Since 1972, 160 exploration wells have been drilled WoS accounting for just 6% of all UK offshore exploratory wells to date. Returns from drilling have been modest, Westwood claimed, with only four commercial discoveries from 23 wells in the area since 2008. This is in part due to the area’s complex geology, with Palaeocene basalt hampering seismic imaging in certain sub-basins. At the same time, finding costs are the highest on the UK continental shelf, at $14/boe, and although the average size of WoS discoveries is greater – 35 MMboe compared with 25 MMboe elsewhere – this is cancelled out by the associated costs of operating in the region, particularly in the harsher deepwater areas, which impacts development economics.

However, the potential resources are strong: Westwood estimates 2.4 Bboe from undeveloped discoveries, with unproven volumes at around 1.9 Bboe, and BP, Hurricane Energy and Siccar Point Energy are all working on new potential mid to large-size developments in the area. But the analysts believes a combination of new technological solutions, new plays and/or cluster developments will be needed to progress more widespread development in the province.

Balmoral reaches tail-end phase

Premier Oil is drawing up plans to decommission the Balmoral facilities in the central UK North Sea, although it may push cessation of production to 2021 after re-evaluating the performance of various fields connected to the infrastructure. In that case, further investments might be needed, the company said, to maintain the integrity of the wells, topsides and subsea equipment.

Some decommissioning is already under way, with Helix Well Ops’ intervention vesselSeawell having entered four suspended Balmoral water injector wells to determine their status and prepare them for P&A at a later date.
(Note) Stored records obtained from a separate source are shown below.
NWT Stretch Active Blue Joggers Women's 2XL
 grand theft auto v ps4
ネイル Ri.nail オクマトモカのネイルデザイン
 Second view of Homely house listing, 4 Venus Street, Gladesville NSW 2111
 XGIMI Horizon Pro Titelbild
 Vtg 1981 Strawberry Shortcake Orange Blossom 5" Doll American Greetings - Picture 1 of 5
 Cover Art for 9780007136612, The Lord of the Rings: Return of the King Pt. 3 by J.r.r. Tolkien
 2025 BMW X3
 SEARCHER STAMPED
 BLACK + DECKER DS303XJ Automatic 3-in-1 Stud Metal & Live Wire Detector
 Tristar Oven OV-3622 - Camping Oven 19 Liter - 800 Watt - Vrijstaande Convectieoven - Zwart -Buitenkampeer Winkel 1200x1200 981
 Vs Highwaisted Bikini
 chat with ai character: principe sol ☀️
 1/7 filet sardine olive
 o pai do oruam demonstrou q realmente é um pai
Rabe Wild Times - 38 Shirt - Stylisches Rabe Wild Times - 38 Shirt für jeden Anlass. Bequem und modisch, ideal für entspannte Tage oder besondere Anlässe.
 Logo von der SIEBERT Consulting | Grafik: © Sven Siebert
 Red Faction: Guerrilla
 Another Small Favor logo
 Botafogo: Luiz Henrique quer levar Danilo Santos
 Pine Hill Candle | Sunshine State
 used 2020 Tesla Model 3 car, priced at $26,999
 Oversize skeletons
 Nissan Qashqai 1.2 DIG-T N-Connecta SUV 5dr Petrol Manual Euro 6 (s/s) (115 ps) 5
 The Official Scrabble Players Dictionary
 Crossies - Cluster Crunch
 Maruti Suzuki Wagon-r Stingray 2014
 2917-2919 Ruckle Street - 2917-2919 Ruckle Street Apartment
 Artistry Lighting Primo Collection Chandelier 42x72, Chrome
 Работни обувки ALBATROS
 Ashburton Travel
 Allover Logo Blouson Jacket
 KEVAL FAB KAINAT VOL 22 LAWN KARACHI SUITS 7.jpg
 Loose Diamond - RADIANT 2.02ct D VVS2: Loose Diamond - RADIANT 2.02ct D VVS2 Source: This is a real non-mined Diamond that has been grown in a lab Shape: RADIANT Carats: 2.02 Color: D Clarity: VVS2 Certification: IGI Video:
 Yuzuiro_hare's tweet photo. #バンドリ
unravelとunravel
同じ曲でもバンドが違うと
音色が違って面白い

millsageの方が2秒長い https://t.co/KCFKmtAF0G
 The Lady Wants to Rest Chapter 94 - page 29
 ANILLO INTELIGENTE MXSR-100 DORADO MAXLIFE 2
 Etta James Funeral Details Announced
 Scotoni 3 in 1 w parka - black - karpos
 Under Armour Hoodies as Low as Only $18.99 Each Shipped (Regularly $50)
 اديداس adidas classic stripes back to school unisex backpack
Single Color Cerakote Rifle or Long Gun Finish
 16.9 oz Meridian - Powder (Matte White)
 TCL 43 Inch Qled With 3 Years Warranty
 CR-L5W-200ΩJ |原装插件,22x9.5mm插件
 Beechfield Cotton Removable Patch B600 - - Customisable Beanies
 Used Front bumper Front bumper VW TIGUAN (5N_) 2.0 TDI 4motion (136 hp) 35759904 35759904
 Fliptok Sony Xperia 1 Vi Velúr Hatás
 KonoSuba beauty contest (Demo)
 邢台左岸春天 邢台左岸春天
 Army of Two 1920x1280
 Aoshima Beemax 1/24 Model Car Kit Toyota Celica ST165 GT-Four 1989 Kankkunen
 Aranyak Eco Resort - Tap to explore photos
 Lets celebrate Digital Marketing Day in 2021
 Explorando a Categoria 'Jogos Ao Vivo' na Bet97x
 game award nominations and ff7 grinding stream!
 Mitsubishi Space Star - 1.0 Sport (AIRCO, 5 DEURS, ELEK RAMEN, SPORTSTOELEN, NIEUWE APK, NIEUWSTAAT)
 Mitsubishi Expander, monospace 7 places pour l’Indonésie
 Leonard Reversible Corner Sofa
Premier is also looking to dispose of/sell the Balmoral floating production vessel, which started operating in 1986.

Relief system on standby for Barents well

Add Energy and Trendsetter Engineering will provide access to their Relief Well Injection Spool (RWIS) for a well due to be drilled in the Barents Sea this spring. If called on, the system should facilitate high-rate kill operations – pumping mud at rates above 200 bbl/min – through a single relief well, using multiple vessels.

The RWIS is installed on the relief well wellhead beneath the BOP to provide additional flow connections into the wellbore. By means of high-pressure flex lines, the inlets accommodate pumping units from separate floating vessels (in addition to the relief well rig) to ensure a high-rate kill.